◆ **DIRECTIONS FOR THIS TASK**
Scan the data for "Gold" and copy each matching line.

◆ **Dataset excerpts**
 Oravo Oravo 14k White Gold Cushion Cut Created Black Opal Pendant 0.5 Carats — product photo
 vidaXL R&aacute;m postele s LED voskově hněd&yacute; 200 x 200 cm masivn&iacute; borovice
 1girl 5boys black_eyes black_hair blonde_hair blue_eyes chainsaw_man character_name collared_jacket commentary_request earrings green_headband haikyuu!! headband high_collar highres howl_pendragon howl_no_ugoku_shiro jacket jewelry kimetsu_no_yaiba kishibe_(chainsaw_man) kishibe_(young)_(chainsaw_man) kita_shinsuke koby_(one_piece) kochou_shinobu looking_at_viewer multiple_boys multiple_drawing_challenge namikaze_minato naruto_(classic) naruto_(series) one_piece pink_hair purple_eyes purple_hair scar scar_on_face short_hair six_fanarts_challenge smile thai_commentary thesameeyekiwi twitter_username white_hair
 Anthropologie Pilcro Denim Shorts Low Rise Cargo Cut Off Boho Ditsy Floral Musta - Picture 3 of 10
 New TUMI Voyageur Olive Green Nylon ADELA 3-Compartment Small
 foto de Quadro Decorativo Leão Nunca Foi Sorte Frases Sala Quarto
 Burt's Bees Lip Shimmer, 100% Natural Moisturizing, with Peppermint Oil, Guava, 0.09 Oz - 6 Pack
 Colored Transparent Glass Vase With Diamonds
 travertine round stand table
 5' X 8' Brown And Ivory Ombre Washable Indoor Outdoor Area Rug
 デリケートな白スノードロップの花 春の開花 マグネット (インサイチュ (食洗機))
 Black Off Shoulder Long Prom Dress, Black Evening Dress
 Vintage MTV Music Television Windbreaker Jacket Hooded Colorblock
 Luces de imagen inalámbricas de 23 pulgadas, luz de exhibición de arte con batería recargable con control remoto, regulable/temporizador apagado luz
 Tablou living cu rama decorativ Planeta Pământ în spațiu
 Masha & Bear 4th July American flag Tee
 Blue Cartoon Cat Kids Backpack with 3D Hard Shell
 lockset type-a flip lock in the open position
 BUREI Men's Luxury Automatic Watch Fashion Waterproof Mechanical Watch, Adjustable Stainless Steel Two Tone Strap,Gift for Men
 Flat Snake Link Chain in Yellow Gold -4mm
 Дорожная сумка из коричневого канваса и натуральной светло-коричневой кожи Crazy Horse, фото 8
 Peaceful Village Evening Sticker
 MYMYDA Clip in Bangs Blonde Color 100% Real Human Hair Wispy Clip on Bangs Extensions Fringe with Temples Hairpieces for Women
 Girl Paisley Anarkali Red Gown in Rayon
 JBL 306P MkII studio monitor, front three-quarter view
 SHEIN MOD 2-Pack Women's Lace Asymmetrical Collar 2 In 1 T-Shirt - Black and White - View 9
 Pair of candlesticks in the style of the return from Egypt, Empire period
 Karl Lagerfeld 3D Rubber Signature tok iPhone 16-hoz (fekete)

◆ **REPLY**
 Oravo Oravo 14k White Gold Cushion Cut Created Black Opal Pendant 0.5 Carats — product photo
 Flat Snake Link Chain in Yellow Gold -4mm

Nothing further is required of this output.